## Exercise aim:
Would you reproduce exactly the lines below from the one holding "Jan. 7. Syrian" through the one holding "Backyard deck freshly stained and restored", inclusive, and no others?

## Study material:
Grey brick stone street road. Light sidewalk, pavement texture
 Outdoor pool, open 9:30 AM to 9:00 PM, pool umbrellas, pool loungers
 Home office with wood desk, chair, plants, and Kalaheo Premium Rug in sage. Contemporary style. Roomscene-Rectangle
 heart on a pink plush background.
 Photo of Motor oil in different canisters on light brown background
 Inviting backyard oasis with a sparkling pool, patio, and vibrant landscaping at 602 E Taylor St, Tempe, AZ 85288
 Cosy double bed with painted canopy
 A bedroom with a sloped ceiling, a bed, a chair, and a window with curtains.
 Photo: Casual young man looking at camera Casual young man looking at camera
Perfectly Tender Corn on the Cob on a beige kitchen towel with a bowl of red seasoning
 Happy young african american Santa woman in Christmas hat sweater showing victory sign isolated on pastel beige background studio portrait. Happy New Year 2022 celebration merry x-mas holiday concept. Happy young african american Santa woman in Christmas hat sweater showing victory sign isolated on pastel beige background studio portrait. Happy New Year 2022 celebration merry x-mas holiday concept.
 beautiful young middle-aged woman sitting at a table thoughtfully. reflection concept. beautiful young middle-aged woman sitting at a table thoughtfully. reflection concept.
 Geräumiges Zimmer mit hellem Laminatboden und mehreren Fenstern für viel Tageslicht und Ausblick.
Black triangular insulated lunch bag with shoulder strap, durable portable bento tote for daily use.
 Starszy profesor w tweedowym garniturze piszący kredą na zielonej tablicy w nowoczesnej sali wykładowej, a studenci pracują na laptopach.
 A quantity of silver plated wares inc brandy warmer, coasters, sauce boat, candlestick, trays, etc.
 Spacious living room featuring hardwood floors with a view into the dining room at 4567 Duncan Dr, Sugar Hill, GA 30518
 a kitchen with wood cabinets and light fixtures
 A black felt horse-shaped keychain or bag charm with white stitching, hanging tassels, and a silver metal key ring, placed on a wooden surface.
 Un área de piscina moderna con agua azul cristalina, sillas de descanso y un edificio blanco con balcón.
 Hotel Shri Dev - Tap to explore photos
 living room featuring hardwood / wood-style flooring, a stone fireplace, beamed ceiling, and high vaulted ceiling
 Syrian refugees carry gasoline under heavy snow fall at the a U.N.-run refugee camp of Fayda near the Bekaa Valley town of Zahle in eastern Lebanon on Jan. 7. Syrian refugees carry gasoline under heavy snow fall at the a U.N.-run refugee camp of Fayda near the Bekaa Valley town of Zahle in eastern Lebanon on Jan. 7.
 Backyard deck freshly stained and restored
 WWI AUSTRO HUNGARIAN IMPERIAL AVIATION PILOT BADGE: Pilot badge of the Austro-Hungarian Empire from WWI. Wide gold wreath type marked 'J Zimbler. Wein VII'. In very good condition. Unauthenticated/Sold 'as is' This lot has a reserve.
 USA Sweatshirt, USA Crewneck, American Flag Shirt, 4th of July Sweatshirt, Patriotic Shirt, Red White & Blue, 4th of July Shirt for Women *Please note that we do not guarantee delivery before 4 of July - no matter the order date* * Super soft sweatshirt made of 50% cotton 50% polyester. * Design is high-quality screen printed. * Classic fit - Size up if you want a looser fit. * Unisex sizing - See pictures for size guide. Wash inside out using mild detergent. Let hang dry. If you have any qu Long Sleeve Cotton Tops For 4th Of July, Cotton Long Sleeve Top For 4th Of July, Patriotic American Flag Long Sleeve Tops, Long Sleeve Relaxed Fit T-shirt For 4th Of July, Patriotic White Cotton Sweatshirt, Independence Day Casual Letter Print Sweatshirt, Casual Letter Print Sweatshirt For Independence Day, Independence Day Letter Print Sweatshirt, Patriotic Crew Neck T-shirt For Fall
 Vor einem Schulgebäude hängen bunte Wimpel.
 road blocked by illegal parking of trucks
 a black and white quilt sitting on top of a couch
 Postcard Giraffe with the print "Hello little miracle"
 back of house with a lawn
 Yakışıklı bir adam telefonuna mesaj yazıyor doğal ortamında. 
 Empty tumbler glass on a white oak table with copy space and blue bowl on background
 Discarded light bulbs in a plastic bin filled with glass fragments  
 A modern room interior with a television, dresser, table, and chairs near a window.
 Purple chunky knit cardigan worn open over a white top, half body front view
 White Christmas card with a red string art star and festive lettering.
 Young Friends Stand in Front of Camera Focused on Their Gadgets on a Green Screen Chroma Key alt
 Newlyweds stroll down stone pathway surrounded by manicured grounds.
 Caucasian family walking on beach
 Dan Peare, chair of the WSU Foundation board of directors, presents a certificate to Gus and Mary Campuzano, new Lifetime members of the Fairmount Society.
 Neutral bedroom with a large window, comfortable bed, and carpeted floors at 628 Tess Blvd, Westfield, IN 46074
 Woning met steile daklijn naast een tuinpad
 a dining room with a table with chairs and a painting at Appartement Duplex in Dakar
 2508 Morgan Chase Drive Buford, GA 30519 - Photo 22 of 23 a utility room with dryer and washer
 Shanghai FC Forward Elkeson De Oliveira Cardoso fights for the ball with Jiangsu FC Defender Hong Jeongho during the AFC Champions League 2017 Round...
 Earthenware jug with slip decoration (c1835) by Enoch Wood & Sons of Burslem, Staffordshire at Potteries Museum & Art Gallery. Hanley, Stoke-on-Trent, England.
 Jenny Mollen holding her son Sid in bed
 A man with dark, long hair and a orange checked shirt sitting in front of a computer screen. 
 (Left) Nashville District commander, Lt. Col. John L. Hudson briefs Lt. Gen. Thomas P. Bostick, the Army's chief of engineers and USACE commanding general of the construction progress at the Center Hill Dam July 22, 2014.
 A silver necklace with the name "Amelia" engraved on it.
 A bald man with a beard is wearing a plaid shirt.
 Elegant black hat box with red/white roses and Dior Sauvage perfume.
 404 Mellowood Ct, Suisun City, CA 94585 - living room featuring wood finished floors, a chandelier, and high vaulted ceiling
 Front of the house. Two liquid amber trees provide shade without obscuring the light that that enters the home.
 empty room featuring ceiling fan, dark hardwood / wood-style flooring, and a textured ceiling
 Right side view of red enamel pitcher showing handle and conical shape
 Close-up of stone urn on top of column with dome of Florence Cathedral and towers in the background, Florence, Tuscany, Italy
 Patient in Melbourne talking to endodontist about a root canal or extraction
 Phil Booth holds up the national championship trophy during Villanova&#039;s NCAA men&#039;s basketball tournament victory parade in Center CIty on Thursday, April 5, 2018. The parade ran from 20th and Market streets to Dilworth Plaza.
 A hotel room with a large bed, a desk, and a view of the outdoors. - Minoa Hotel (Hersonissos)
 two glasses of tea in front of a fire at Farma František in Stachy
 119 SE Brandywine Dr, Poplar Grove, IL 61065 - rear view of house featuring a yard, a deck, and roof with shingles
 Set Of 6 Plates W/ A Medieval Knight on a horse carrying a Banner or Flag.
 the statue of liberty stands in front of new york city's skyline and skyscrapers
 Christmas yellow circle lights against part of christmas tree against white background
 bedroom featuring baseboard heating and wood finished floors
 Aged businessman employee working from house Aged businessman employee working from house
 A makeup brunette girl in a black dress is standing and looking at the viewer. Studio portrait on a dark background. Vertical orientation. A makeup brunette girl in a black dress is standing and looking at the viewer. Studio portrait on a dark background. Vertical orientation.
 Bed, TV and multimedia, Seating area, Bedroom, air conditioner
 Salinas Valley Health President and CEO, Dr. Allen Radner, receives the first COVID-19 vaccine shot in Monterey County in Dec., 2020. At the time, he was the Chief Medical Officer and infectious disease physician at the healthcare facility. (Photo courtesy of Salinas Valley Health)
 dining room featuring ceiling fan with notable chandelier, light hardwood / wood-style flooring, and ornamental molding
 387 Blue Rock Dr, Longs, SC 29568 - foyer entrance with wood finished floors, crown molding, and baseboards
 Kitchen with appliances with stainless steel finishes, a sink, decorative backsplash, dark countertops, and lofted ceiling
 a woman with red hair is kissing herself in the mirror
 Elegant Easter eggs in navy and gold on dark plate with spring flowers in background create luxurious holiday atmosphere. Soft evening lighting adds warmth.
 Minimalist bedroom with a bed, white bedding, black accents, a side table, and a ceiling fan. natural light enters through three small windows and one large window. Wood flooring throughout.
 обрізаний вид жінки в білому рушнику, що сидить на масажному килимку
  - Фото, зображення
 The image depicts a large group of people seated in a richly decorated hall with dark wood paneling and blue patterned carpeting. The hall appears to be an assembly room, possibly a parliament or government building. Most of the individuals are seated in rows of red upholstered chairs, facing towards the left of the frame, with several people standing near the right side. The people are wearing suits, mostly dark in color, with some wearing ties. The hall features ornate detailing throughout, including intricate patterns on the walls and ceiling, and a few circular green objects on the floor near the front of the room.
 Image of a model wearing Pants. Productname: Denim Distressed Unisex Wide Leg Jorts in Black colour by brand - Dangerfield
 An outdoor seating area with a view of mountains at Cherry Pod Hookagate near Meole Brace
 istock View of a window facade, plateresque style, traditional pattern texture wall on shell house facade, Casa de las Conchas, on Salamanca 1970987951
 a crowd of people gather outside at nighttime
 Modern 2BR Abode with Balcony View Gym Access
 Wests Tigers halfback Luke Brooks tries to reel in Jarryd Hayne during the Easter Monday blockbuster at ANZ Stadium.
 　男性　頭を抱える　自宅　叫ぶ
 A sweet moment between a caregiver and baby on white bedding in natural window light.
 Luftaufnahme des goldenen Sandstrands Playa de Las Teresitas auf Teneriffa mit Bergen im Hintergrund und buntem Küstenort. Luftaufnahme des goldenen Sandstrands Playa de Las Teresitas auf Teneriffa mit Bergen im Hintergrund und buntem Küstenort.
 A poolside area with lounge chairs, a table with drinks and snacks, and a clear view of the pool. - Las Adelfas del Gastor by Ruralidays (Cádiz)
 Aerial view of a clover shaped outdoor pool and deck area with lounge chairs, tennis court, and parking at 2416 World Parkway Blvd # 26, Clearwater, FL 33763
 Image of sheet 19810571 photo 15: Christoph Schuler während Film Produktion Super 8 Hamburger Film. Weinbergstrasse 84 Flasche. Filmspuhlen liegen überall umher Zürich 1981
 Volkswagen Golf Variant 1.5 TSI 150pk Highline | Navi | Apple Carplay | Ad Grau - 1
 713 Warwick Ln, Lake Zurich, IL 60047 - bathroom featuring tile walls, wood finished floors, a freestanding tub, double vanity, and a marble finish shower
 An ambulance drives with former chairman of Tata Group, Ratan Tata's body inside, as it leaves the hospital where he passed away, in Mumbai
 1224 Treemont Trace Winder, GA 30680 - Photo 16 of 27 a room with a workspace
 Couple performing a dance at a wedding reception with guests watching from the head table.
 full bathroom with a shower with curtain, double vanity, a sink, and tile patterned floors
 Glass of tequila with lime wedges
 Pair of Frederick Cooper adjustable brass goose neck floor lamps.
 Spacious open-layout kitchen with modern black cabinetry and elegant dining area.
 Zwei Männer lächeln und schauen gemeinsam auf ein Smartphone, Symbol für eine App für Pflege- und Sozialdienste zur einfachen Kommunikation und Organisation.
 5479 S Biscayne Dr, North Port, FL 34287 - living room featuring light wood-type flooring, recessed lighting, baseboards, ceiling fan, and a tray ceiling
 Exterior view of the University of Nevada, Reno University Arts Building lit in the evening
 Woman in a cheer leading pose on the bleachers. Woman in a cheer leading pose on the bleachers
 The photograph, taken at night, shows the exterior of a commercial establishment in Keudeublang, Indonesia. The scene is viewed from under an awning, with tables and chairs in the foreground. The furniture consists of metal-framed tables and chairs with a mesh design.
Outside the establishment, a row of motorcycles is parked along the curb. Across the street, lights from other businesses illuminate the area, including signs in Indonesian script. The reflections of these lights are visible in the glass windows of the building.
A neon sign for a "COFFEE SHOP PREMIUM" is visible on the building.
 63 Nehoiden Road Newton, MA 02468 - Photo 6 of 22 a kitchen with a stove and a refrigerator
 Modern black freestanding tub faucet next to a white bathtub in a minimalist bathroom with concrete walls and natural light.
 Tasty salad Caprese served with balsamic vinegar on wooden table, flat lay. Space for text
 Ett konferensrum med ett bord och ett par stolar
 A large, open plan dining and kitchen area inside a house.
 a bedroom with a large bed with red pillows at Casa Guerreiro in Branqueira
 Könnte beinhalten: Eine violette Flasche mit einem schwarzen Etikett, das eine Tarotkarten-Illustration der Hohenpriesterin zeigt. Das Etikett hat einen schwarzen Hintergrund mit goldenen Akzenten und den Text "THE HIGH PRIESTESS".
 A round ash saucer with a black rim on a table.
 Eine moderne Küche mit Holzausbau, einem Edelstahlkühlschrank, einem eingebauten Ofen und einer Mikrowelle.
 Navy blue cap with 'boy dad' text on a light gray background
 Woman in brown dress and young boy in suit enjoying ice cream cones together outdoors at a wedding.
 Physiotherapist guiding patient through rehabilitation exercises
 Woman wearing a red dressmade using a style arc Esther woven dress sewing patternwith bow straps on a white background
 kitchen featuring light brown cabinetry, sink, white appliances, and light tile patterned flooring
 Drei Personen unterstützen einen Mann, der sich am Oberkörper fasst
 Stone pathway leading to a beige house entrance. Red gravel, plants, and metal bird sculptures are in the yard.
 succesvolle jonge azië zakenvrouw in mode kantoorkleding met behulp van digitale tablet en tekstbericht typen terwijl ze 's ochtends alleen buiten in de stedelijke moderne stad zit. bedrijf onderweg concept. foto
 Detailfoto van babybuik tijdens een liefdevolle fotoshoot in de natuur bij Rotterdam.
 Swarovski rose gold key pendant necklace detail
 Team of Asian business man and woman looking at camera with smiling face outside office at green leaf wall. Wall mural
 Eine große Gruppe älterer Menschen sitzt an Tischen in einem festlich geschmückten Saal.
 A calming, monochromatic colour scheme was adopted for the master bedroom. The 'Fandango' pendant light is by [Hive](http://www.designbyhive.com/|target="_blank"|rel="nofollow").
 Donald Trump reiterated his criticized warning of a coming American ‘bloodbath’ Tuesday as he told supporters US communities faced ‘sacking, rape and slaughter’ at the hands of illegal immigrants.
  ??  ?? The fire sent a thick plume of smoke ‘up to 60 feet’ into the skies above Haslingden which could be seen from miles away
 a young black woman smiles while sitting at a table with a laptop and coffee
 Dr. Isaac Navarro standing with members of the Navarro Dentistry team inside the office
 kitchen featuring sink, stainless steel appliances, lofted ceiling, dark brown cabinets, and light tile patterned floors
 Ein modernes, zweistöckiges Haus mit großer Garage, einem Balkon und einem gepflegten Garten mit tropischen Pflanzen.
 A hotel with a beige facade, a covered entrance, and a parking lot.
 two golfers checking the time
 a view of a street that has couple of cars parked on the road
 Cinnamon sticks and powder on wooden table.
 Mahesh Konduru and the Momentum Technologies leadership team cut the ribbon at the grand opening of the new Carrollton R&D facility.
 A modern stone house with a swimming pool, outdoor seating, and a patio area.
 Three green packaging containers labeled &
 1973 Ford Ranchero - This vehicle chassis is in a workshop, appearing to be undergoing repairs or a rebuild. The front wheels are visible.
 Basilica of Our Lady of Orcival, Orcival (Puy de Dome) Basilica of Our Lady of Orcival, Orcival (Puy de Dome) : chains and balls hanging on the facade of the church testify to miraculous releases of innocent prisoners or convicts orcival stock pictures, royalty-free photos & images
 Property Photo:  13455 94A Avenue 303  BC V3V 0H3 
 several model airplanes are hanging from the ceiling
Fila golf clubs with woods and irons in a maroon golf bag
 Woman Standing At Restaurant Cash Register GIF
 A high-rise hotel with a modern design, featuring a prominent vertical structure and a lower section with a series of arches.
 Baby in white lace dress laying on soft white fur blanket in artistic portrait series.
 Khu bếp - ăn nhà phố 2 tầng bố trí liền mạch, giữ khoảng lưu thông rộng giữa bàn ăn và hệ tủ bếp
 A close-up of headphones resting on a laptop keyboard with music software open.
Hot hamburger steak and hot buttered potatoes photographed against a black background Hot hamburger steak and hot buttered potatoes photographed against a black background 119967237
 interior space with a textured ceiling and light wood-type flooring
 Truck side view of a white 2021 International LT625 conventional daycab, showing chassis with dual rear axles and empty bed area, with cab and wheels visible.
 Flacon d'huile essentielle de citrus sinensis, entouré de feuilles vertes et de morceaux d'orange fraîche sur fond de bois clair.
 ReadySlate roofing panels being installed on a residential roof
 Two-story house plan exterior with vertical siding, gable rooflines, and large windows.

## Response for this exercise:
 Syrian refugees carry gasoline under heavy snow fall at the a U.N.-run refugee camp of Fayda near the Bekaa Valley town of Zahle in eastern Lebanon on Jan. 7. Syrian refugees carry gasoline under heavy snow fall at the a U.N.-run refugee camp of Fayda near the Bekaa Valley town of Zahle in eastern Lebanon on Jan. 7.
 Backyard deck freshly stained and restored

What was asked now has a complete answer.